Requirement - From the line containing "June5_chives" to the last line of the listing, both included, copy every line exactly and drop the pictures.

Recorded data -
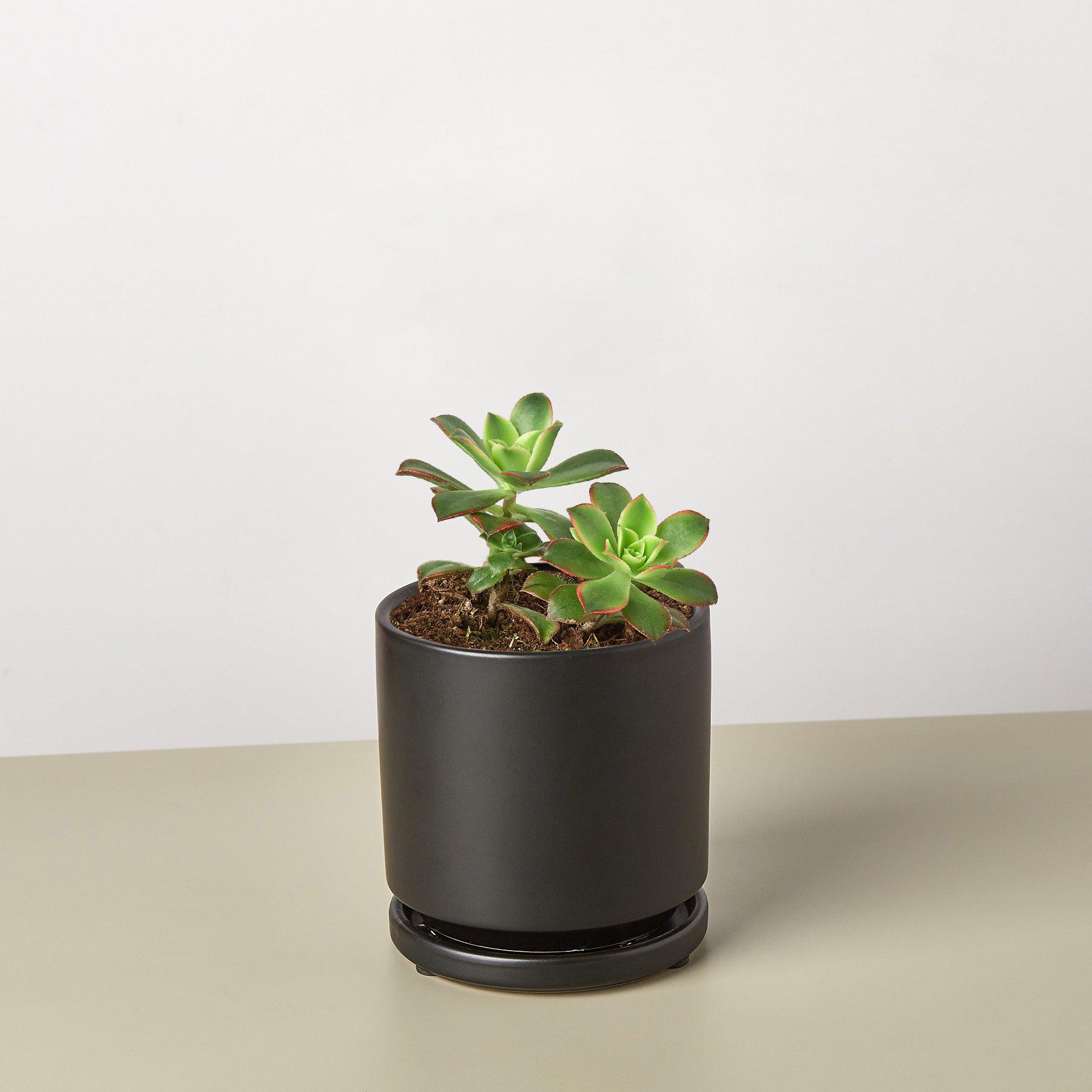 Succulent 'Kiwi' 4" Pot Black Cylinder Succulent House Plant Shop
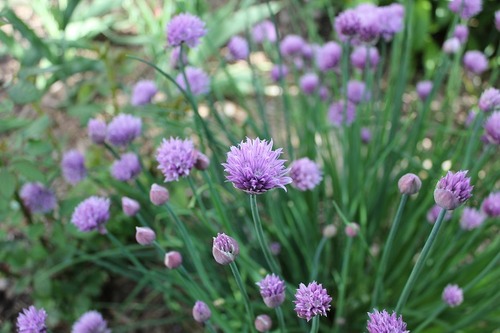 June5_chives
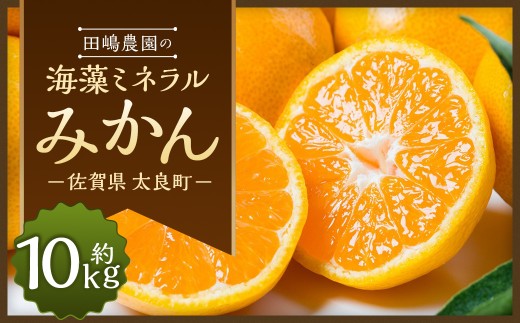 海藻ミネラルみかん 10kg　みかん ミカン 蜜柑 温州みかん 完熟みかん 甘熟 柑橘 日南 大浦 原口 石地 青島 有機栽培 国産 こだわり ノーワックス 贈答品 産地直送 詰め合わせ 佐賀県産 太良町 N40x1 【2026年10月下旬～2027年1月上旬迄発送予定】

Answer space -
 June5_chives
 海藻ミネラルみかん 10kg　みかん ミカン 蜜柑 温州みかん 完熟みかん 甘熟 柑橘 日南 大浦 原口 石地 青島 有機栽培 国産 こだわり ノーワックス 贈答品 産地直送 詰め合わせ 佐賀県産 太良町 N40x1 【2026年10月下旬～2027年1月上旬迄発送予定】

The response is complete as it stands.